Dünya tarihi, doğanın gücünün insana verdiği derslerle doludur. Depremler, çığlar ve seller yüzyıllardır toplumları sarsar , yapabileceklerini gösterir ve sonunda öğretir. Ancak insanların kendi eliyle sebep olduğu felaketlerden hiçbir şey öğrenememesi çok acıdır. Görünen o ki, insanoğlu bırakın ders çıkarmayı, milyonlarca yıldır henüz insanlığı bile öğrenebilmiş değil. Doğal felaketlerden daha büyük bir yıkımı, kendi elleriyle yaratıyor: Savaşlar, katliamlar ve toplu kıyımlarla...

Yalnızca son 30 yıldır yaşanan savaşlara bakın…

İkinci Kongo Savaşı (1998-2003): 3 milyon kişinin ölümüne neden oldu.

Irak Savaşı (2003-2011): Yüz binlerce sivil ve askerî personelin ölümüne neden oldu.

Afganistan Savaşı (2001-2021): On binlerce sivil ve askerî personel hayatını kaybetti.

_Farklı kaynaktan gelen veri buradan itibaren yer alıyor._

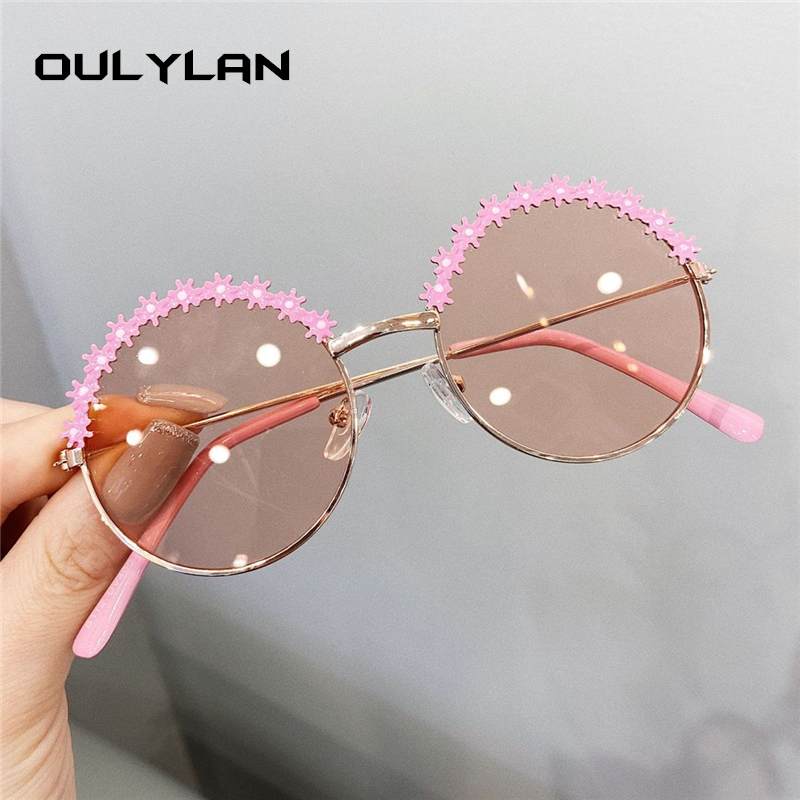 

Oulylan Round kids sunglasses Flower Baby Children Shades Sun Glasses Girls Cute Half Frame Metal Eywear UV400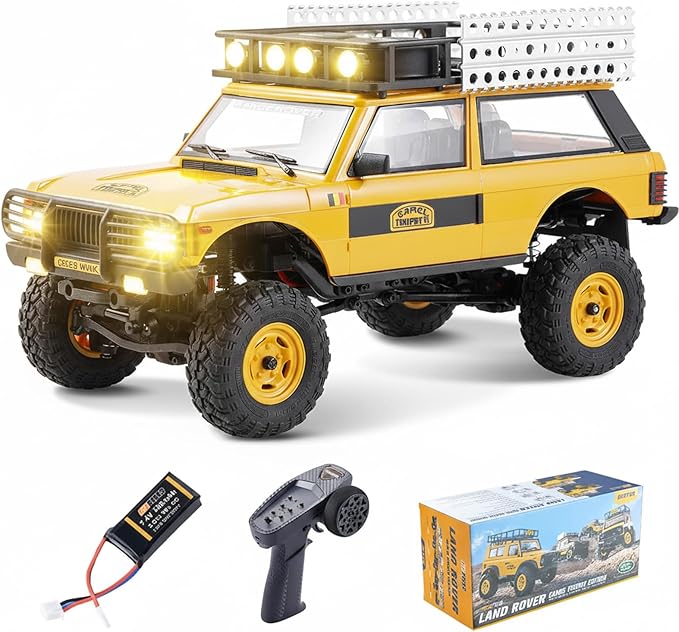 EAZYRC FMS 1/24 FCX24M RC Crawler RTR Land Rover Series with Licensed 1/24 RC Truck 4X4 Mini RC car with Lighting 2.4Ghz Remote ControlBattery (Range Rover)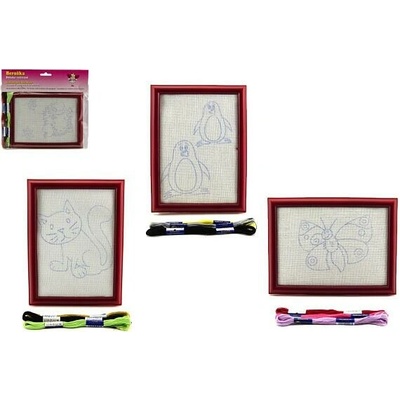 Teddies Vyšívání obdélníkový rámeček na pověšení, 3 příze v sáčku 23x16x1cm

Darfur Savaşı (2003-devam ediyor): Yaklaşık 300.000 kişinin ölümüne ve 3 milyon kişinin mülteci olmasına sebep oldu.

Yemen İç Savaşı (2014-devam ediyor): On binlerce kişinin ölümüne yol açtı.

Rusya-Ukrayna Savaşı (2022- devam ediyor): Binlerce kişi hayatını kaybetti ve milyonlarca insan yerinden edildi.

Suriye İç Savaşı (2011- devam ediyor): Yüz binlerce insanın hayatını kaybetmesine, milyonlarca kişinin yaralanmasına ve mülteci durumuna düşmesine yol açtı. Savaş bitti gibi görünse de alevilere yönelik kıyım devam ediyor.

Peki insanlarım, 

Gazze’de ve Suriye’de yıllardır süren savaşlar, sadece birer siyasi çatışma mı? Hayır. Savaş, her zaman güç odaklarının çıkarlarını korumak için zayıfları ezdiği bir kıyımdır. Kimi zaman dini, kimi zaman etnik farklılıklar bahane edilerek önce bir toplumun itibarsızlaştırıldığı, sonra diğer toplumların onlara duyarsızlaştırıldığı ve can alarak beslenen bir grubunmasum insanların üzerine salındığı bir süreçtir. Hiç ders alınmayan ve  yüzyıllardır süren bir döngüdür savaş. Ölenler hep aynı: Çocuklar, analar, babalar, masum siviller... Katliamı yapanlar hep aynı, ve katliamı yaptıranlar da hep aynı. Suriye’de yaşananlar da bundan farklı değil. Tarafların kim olduğundan bağımsız, asıl mesele bu zulmün ne zaman duracağıdır.

Suriye’de savaş bitti diyorlar ya, peki ya Suriye’de zulüm bitti mi? Hayır! Şimdi, bu savaşın yeni bir boyutuna şahit oluyoruz. Alevilere yönelik saldırılar, bir halkın yok edilmesine yönelik kanlı bir senaryonun parçası olarak yine önümüze kondu. Tarih, bu kıyımları defalarca gördü; bizler gördük, ama insanlık hiç ders almadı. İnsanlık, bu sonsuz döngüyü izlemekle yetindi. 

Artık değişsin n’olur! Vicdan sahibi herkes, hangi mezhepten olursa olsun, savaşların ve mezhep çatışmalarının karşısında dursun, barışı ve insan onurunu savunsun. Gazze’ye ses çıkarıp, şu an Suriye’de yaşanan katliamı görmezden gelmesin. Bu katliam, sadece alevilerin değil, bu coğrafyanın da değil, tüm insanlığın yarasıdır. Adalet, herkes için sağlanmadıkça, tüm insanlar ayrım yapmadan diğerinin hakkını savunmadıkça bu acılar bitmeyecek. 

O yüzden, daha fazla insan ölmeden, daha fazla çocuk yetim kalmadan, bizlerin, siyasi partilerin, devletlerin ve dünyanın bu trajediye dur demesi gerekiyor. Yoksa tarih, yine aynı sonu utana utana tekrar yazacak!